Is it lying in a garden? Is death sleeping? Is death the opposite of life? Is it the continuation of the soul? Is it the resting place? Is it the Consequence of living? Is it Hell? Is it Heaven?

Where is Heaven? Is Heaven a place on Earth? No. Surely not.

I went home and lay down. I didn’t get any water to drink, or any food to eat. I wasn’t hungry or thirsty. I hadn’t been hungry or thirsty for as long as I can remember. At least since today and last week and 2 months ago and a year from now. Or somewhere around that time. “Mom?!” I called from my bed. “Mommy?!” I screamed and screamed and screamed and screamed for my mommy.
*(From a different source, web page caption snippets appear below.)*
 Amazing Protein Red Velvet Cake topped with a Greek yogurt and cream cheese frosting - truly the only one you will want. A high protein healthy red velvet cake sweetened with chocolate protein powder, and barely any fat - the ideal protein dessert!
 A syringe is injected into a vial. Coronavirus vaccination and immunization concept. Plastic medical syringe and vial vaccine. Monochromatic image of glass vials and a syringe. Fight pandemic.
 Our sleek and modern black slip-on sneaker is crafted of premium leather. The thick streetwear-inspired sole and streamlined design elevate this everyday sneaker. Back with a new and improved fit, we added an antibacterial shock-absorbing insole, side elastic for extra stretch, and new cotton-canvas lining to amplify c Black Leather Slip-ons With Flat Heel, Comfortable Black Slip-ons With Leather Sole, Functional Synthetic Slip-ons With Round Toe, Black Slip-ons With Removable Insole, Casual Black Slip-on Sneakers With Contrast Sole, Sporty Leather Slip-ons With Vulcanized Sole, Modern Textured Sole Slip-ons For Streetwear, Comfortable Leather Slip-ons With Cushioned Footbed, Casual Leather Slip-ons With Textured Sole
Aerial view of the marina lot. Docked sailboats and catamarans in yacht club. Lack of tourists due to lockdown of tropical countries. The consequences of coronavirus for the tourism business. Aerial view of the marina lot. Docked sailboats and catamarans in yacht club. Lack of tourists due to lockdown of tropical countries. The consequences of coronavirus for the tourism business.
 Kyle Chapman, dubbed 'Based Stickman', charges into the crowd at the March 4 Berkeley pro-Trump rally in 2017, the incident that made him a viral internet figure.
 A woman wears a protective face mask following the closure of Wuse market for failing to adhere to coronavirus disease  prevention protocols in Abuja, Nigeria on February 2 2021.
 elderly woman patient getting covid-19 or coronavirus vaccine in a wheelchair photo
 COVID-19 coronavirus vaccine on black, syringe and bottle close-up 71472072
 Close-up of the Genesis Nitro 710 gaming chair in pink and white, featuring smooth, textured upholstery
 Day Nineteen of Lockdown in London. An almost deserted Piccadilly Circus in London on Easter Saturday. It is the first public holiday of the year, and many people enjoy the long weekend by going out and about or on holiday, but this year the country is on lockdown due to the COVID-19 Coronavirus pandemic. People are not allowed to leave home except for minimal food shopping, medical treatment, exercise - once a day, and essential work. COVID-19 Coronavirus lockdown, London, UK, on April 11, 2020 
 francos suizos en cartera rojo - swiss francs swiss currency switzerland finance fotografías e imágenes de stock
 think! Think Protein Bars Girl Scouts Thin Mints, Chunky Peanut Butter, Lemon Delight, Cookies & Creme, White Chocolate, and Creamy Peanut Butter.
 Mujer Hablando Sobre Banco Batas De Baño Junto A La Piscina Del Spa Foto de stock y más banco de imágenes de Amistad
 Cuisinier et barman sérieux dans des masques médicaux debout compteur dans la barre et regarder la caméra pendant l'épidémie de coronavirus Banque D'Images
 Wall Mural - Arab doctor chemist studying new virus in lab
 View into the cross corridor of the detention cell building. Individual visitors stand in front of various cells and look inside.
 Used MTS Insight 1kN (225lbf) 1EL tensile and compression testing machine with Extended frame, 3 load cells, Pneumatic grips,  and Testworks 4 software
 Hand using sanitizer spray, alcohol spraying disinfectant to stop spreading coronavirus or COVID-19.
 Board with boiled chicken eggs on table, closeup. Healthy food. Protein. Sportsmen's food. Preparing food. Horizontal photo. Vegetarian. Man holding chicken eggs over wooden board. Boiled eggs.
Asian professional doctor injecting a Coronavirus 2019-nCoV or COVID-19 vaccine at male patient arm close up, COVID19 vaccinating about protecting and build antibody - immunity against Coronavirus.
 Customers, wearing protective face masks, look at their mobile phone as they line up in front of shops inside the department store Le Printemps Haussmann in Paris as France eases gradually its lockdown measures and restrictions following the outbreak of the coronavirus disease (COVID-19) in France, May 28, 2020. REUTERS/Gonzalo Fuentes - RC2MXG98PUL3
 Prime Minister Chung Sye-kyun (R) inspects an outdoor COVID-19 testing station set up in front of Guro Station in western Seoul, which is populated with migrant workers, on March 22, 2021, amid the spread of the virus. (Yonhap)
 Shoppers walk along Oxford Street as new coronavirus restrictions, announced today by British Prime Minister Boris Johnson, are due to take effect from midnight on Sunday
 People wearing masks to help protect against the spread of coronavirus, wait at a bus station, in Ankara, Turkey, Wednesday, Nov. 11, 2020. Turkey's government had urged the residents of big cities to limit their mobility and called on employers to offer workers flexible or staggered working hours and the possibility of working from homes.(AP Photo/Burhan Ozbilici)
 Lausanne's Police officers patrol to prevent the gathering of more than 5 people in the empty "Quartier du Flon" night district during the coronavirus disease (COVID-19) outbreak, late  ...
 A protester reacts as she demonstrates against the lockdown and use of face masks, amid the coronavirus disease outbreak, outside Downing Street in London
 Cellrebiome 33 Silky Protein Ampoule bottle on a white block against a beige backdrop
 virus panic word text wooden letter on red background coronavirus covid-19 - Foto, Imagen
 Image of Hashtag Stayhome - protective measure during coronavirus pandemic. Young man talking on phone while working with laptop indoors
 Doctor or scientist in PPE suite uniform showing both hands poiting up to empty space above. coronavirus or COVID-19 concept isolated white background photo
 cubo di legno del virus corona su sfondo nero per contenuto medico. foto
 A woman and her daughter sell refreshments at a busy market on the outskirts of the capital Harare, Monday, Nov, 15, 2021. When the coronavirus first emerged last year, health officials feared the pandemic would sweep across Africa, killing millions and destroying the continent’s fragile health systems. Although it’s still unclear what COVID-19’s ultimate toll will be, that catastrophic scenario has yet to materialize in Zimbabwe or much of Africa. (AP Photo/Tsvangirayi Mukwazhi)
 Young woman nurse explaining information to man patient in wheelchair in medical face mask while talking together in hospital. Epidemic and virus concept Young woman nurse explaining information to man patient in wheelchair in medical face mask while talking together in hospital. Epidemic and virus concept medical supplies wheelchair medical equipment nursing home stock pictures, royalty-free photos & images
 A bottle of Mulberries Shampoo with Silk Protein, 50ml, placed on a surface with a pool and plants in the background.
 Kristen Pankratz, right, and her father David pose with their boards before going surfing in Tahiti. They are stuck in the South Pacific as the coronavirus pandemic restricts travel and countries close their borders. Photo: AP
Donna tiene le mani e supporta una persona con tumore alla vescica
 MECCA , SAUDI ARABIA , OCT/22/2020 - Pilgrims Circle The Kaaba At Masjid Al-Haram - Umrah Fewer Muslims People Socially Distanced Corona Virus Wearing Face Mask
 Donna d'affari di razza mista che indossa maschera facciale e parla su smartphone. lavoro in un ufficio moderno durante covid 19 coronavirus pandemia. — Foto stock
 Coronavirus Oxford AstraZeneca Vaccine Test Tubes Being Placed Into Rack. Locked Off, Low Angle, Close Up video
She didn’t answer. She was gone. She was dead. She’d been dead since yesterday, and the day before, and a long time before that. “Oh right. Mommy is gone.” I turned over away from my grey wall and put my face into the grey pillow, and tried again, “Mommy? Mom?! Mom, where are you?” Maybe that would work. There was but one problem I faced in my new, grey, lonely, lonely world. What was it, you ask? Well, I don’t know. I have never known, I will never know, you’ll never know. If I could jump back in time before I knew I was the only real person on Earth, before I even knew what Solipsism was, I would, but it wouldn’t matter. And you see, this is because this is always the way the world has been. Dark, grey, lonely, quiet, dead.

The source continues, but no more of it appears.